This article is adapted from Song CH, Han J-W. Patent cliff and strategic switch: exploring strategic design possibilities in the pharmaceutical industry. SpringerPlus. 2016;5(1):692. doi:110.1186/s40064-016-2323-1 under a Creative Commons Attribution 4.0 International License. It has been edited for length and style.

Adaptation strategy

The last strategic pathway is to introduce branded generics.

Two conceptually similar strategic alternatives fall into this category: (1) developing a low-cost alternative in the form of wholly owned subsidiary focusing on generic drugs, which operates separately outside the main organization (Gilbert and Strebel 1987); (2) offering of a generic through the innovator-company itself (Agrawal and Thakkar 1997).

The basic principle of ‘adaptation strategy’ is therefore to retain existing customers through an active entry into the business of generic drugs, and to capture a share of the generic profits. In small markets, branded generics may deter generic entry, as the innovator will have a manufacturing advantage. The underlying rationale behind the launch of generic by a subsidiary is to leverage synergies and to diversify the product portfolio by having a strong presence in different key markets. In the past, the attempt to gather the innovator-company and generic suppliers under the same roof ended up with failure. This is due to operational agility required for generic businesses as well as a focus on market research and approval processes rather than in R&D. But today, many established brands have their own generic subsidiary (e.g. Sandoz from Novartis Group) and intentionally separate branded and generic divisions.

The launch of a “second brand” (a so-called fighter brand) with an additional branded product sold at a discounted price under its own corporate brand is frequently discussed as a potentially promising new strategic option, but has been rarely implemented because of its credibility.
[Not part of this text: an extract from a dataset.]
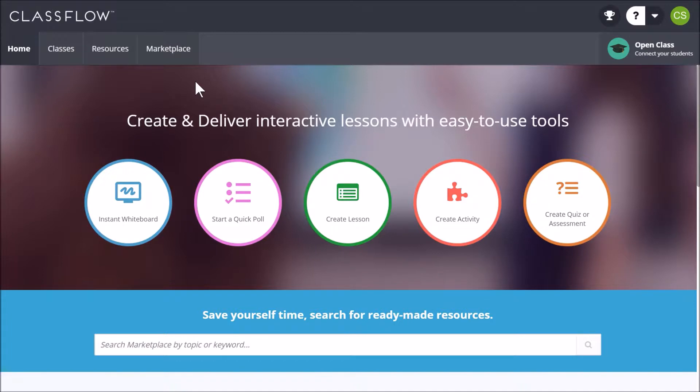Classflow is another Promethean software and is free to use. You may visit classflow.com to create your free account.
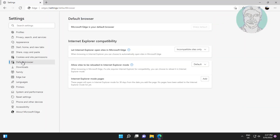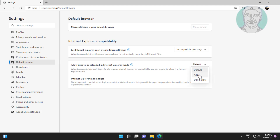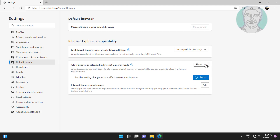Click Default Browser. Let Internet Explorer open sites in Microsoft Edge — incompatible sites only. Change to Allow, then click Restart.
Raasch (2008) confirmed that the rationale behind the launch of a fighter brand is “a segmentation of demand according to price sensitivity, maintaining a higher profit margin on the units sold […] but not entirely losing more price-sensitive prescribers”. Similarly, a company considering the launch of a fighter brand can receive following competitive advantages: (1) brand popularity and reputation as the producer of the proven drug will likely benefit the new brand; (2) the brand owner can take advantages of already existing manufacturing infrastructure to profit from learning curve-based cost advantages (Raasch 2008).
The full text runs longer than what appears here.